MEMORIAS DE UN ORGANISMO BÍPEDO


Estoy de pie.

No tengo que hacer nada, todo se hace naturalmente.
El cuerpo vehículo se encarga de todos los pormenores del equilibrio y la suspensión.
Observo pequeños ajustes y sutiles balanceos…
De alguna manera todo se ha organizado para evitar la caída, lo que me permite ocuparme de otras cosas sin atender especialmente a mi postura erguida.

Pero el caso es que la observación de este extraordinario fenómeno de equilibrio autónomo me provocaba tal curiosidad, que esa observación acabó siendo mi único cometido mientras estaba de pie. Es por ello que cuando quería hacer otras cosas que no son esa, me tumbaba.

Al cabo del tiempo terminé por renunciar a esa búsqueda de significado y comencé a dormir de pie. Lo curioso de esto es que cuando me dormía me caía, de modo que concluí que “eso” también duerme, y además lo hace al mismo tiempo que yo. ¿Yo? ¿Hay alguien más?

Pasó más tiempo y tras comprobar la ineficacia de los canales habituales de comunicación normal entre ambas entidades (ignoro quién habla ahora), resolví poner en cuarentena la idea de que existía un otro, hasta que un día adopté la convicción de que tal entidad no existía. A partir de entonces ya no pude volver a ponerme en pie de ninguna manera. En todo intento acababa cayendo al suelo irremisiblemente. Ahora notaba una ausencia. Su ausencia.

Esta repentina comprensión tuvo como consecuencia el inicio una larga andadura de indagación acerca de la naturaleza de una entidad de cuya existencia sólo he obtenido una suerte de evidencia inversa. Para mí es suficiente, pensé en ese momento.

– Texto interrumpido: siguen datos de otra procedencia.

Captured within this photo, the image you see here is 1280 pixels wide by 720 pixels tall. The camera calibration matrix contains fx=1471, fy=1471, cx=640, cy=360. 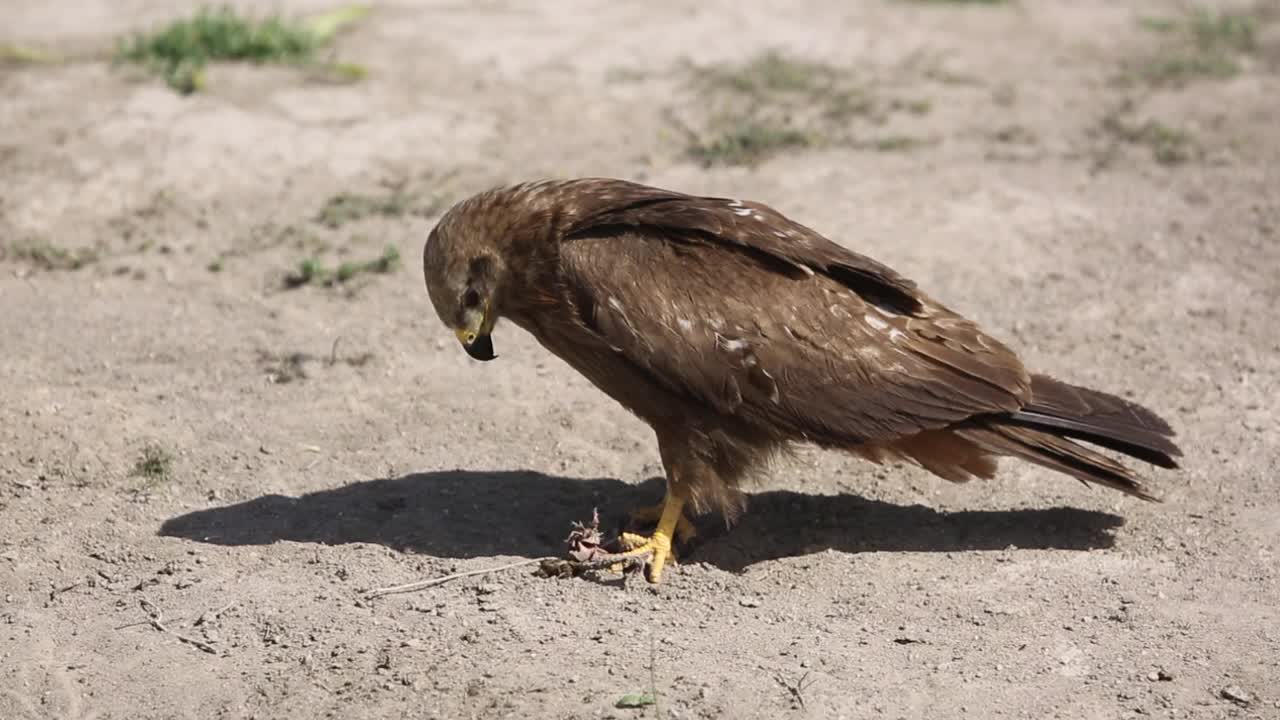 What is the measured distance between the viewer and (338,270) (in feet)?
24.5

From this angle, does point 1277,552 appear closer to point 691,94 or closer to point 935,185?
point 935,185

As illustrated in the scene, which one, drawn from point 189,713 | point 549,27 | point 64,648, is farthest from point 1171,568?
point 549,27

Ahora bajo de una roca y ando sin más.

Todo deseo de verificar la otredad me ha abandonado definitivamente. Los aromas que traen los vientos del desierto despejan por un momento mi pensamiento dejando paso a la claridad y el discernimiento. El camino hacia la singularidad es el regreso desde la multiplicidad. Aquí no había nadie sino tú.

9 dijo:

Blogger Santiago dijo...

Precisamente ando yo con eso de los pies, el equilibrio...el centro....abajo, arriba y respira.

Bailo, y esas tres premisas: tierra, cielo y respiracion, me guian en el decurso. La otredad suena como a armario de viejo. Que bien todo fran!!

11:50  
Blogger fran rubio dijo...

Tierra, cielo y respiración...
Muy buena trinidad Santiago, y qué bien vamos yendo.

12:52  
Anonymous Anónimo dijo...

A veces, es fácil hablar de lo que no se conoce, con la intención de ayudarse en otro... Quizá tan difícil como hablar desde el conocimiento, en vez de quedarse callado.

Muchos cuerpos, un solo ser. Un ser que elige cada cuerpo para ser...

A cada uno le toca cuando le toca, por mucho que otros se empeñen en tocarle.

Hay que respetar el transcurso.

Se que te mueve más la buena intención que el conocimiento directo y eso te hace humano, Fran.

02:02  
Anonymous Anónimo dijo...

En esta ocasión

02:03  
Blogger fran rubio dijo...

¿Tan increíble te parece que pueda hablar desde el conocimiento experimentado?

Te sugiero un experimento: ponte de pie y observa tu cuerpo buscándose la vida para mantener el equilibrio.

Si no prestas la debida atención, las consecuencias de este simple hecho te pasarán desapercibidas.

12:04  
Anonymous Anónimo dijo...

Yo te sugiero el mismo experimente:
ponte de pie si puedes manterer el equilibrio y observa la vida buscándote en tu cuerpo.
Si no prestas la debida atención, las consecuencias de este simple hecho te pasarán desapercibidas.

13:58  
Blogger fran rubio dijo...

Vuelve a leerlo con detenimiento.

23:28  
Anonymous marinerito verde dijo...

me dijeron que guardan la realidad objetiva detras de la nevera puesta de manera que casi no toca los muelles. un dia vamos a mirar

00:03  
Blogger fran rubio dijo...

ahora me explico ese zumbido discontínuo. con el tiempo uno se acostubra a dormir bien.